◆ Task statement
For this exercise, write out the full listing that follows exactly and skip its pictures.

◆ Records shown
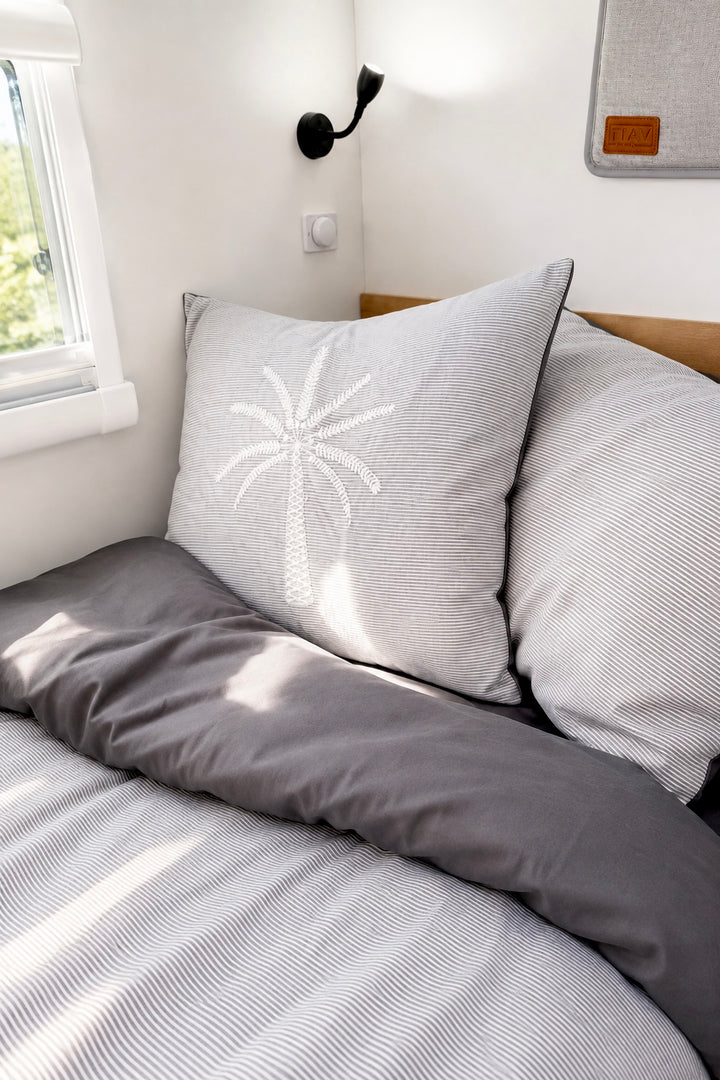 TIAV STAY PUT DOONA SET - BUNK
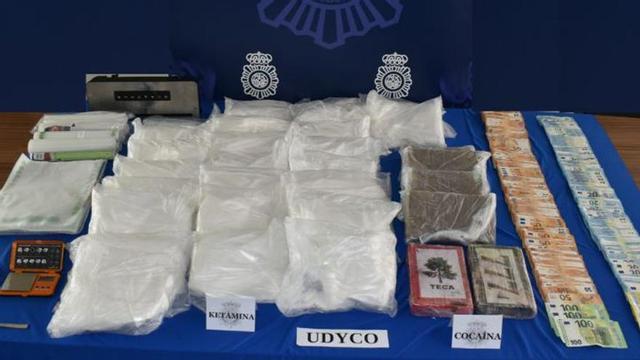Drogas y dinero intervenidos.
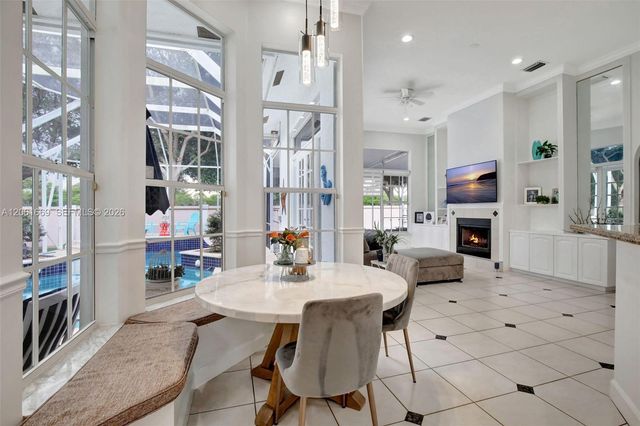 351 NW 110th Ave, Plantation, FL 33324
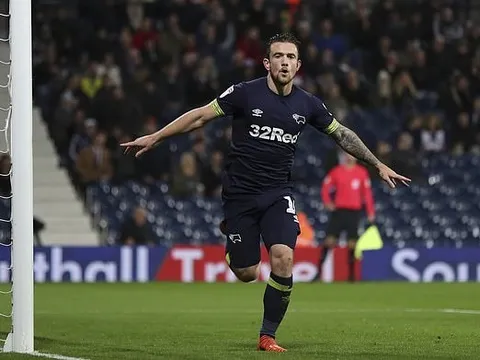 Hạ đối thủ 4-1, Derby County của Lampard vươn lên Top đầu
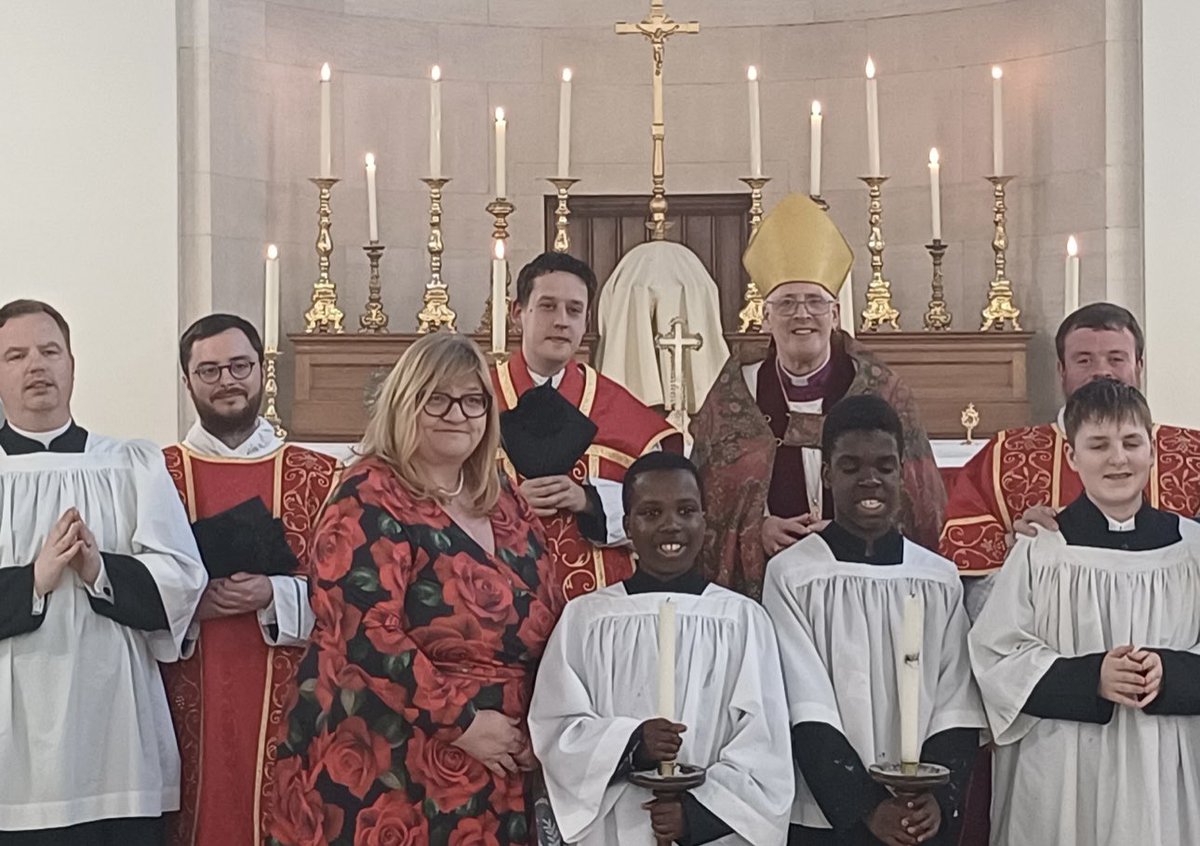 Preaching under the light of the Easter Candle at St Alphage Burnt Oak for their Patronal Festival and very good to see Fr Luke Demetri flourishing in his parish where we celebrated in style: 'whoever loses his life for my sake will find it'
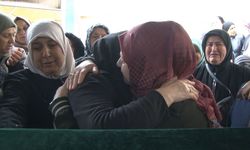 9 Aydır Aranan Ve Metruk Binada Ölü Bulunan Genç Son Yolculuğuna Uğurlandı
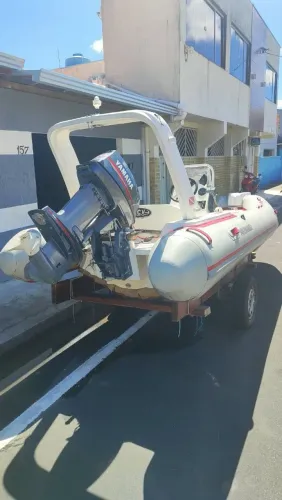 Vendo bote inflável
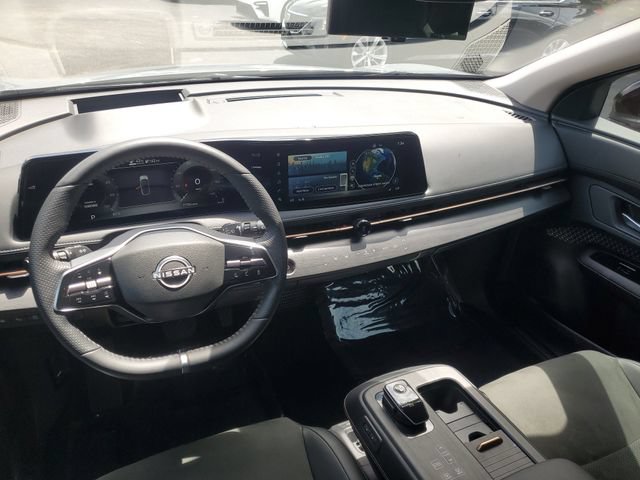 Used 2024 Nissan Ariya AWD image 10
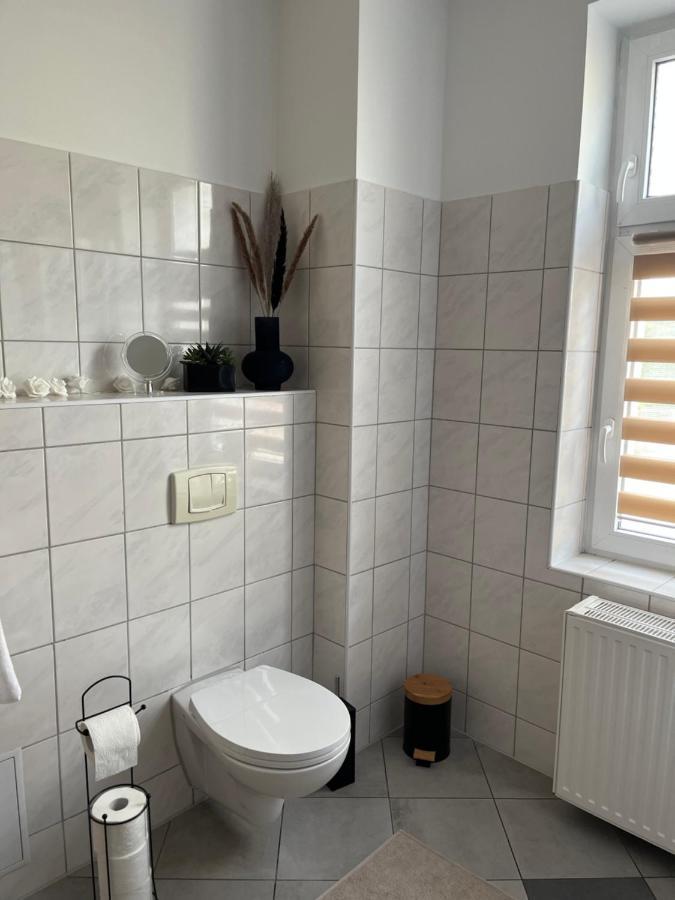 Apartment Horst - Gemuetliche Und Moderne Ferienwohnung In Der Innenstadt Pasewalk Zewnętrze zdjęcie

◆ Exercise answer
 TIAV STAY PUT DOONA SET - BUNK
Drogas y dinero intervenidos.
 351 NW 110th Ave, Plantation, FL 33324
 Hạ đối thủ 4-1, Derby County của Lampard vươn lên Top đầu
 Preaching under the light of the Easter Candle at St Alphage Burnt Oak for their Patronal Festival and very good to see Fr Luke Demetri flourishing in his parish where we celebrated in style: 'whoever loses his life for my sake will find it'
 9 Aydır Aranan Ve Metruk Binada Ölü Bulunan Genç Son Yolculuğuna Uğurlandı
 Vendo bote inflável
 Used 2024 Nissan Ariya AWD image 10
 Apartment Horst - Gemuetliche Und Moderne Ferienwohnung In Der Innenstadt Pasewalk Zewnętrze zdjęcie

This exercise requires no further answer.